Cambiano i tempi, cambia il vino, cambiano le abitudini, cambia la posta in gioco. Cambiano i campioni in carica del titolo di meilleur sommelier de France. In un’epoca di grande dinamismo, trasformazione e instabilità del vino, a iniziare proprio da quello transalpino, che sta attraversando una grossa crisi, abbiamo intervistato a tutto campo due personalità del mondo enoico parigino, separate da due generazioni. Stesse domande, sensibilità differenti, risposte talora divergenti.
Il campione in carica
Xavier Thuizat, trentanove anni, borgognone, è il campione in carica dei sommelier bleu-blanc-rouge. Ha vinto il titolo nel 2022 e nello stesso anno si è aggiudicato anche l’ambìto riconoscimento di Meilleur Ouvrier de France. Dopo quasi vent’anni nei migliori hotel della capitale, dal 2017 è capo sommelier dell’Hôtel de Crillon, place de la Concorde, nel cuore della Parigi chic. È anche capo sommelier di Air France.
Il veterano
Philippe Bourguignon, classe 1948, è diventato miglior sommelier di Francia a trent’anni. Dopo aver lavorato in vari ristoranti quotati della capitale, è stato capo sommelier poi direttore generale del ristorante Laurent, a due passi dall’Eliseo, fino al 2016. È membro dell’Académie du Vin de France.
L’aria che tira
Abbiamo voluto entrare subito nel vivo di una fase storica di mutazioni e indagare lo stato di salute attuale del vino, dal punto di vista della produzione (viticoltura, ecologia, adeguamento al cambiamento climatico…).
«Penso che rispetto al riscaldamento in sé ci sia un po’ troppo allarmismo» ritiene Thuizat. «In compenso, il cambiamento nel suo complesso (stagioni fresche anomali, grandinate, inondazioni, grandinate, gelate primaverili) è davvero inquietante. Le patologie della vite aumentano, la pressione è continua, le perdite sono enormi. Per il mercato “di base”, che poi rappresenta il 93 per cento dei volumi complessivi, alcune innovazioni tecniche possono essere utili a tutelare i raccolti, come ad esempio i vitigni resistenti. Per i vini di prestigio è un’altra cosa. Le Appellation d’Origine Contrôlée (Aoc) hanno forse ceduto a troppe concessioni qualitative, abbassando il livello. Penso che debbano fare uno scatto in avanti e non credo che i vitigni resistenti siano adatti ai vini a denominazione».

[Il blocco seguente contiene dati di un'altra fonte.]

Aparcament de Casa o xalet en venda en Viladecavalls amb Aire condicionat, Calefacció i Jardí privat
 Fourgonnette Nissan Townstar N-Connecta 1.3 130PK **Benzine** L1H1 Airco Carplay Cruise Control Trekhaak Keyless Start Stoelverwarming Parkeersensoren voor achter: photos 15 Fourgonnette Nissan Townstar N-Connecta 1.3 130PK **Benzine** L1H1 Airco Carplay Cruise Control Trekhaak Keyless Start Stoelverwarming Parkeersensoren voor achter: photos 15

Philippe Bourguignon mette l’accento sul livello qualitativo attuale: «Il vino non è mai stato così buono come negli ultimi quindici anni. Molti problemi, come vendemmiare con il freddo, o come l’insufficienza zuccherina delle uve, che prima costringeva alla chaptalisation (zuccheraggio dei mosti, ndr), sono un ricordo. Ma la questione oggi è l’eventuale mancanza d’acqua, che può diventare un problema serio. Molti vignaioli sono davvero preoccupati.
Il profilo dei vini è cambiato. In particolare viene spesso a mancare la colonna vertebrale dell’acidità, e i vini un po’ molli e alcolici non sono quelli che preferisco, personalmente».
Una clientela più consapevole
L’altra faccia della medaglia riguarda il modo in cui il vino è accolto dal pubblico. La clientela attuale è probabilmente assai più consapevole e competente che in passato.
Thuizat conferma: «C’è molto, molto più interesse! Penso di poter dire che oggi tre clienti su dieci conoscano un po’ il vino; qualche anno fa era uno su dieci. C’è molta più informazione, veicolata anche da internet e grazie ai dispositivi che ci portiamo dietro ogni giorno. Ci sono anche molta più curiosità e apertura. I francesi stanno uscendo dai grandi classici, non ho mai venduto così tanti vini stranieri come oggi. La settimana scorsa, ad esempio, mi è stata richiesta una serata sui grandi bianchi italiani, ed è stata un successo. Davvero, me ne rallegro sinceramente. È una cosa molto positiva».
Bourguignon concorda in parte: «C’è di sicuro una maggiore esigenza e consapevolezza nel voler capire che cosa si beve. E c’è meno sciovinismo, con una maggiore apertura all’esterno, a vini di altri posti, che fanno anche sognare, viaggiare… Sono una curiosità e una fonte di evasione. Trenta o quarant’anni fa per un francese era una cosa inimmaginabile». Ma non sono tutte rose e fiori: «È una questione complicata» precisa il campione nel ’78. «Si beve meno vino. Certo, si bevono rosati e spumanti, ma il rosso è in crisi, per non parlare dei vini dolci. Gli igienisti ci dicono che bisogna bere meno vino. Oggi in Francia il vino si vende al calice: una bottiglia per due persone al ristorante è quasi una cosa “moralmente” proibita!»
Il pericolo asiatico
L’apertura della clientela verso nuovi mondi è un’arma a doppio taglio. In Francia si guarda con una certa preoccupazione all’emergere di realtà produttive inedite, come quella cinese.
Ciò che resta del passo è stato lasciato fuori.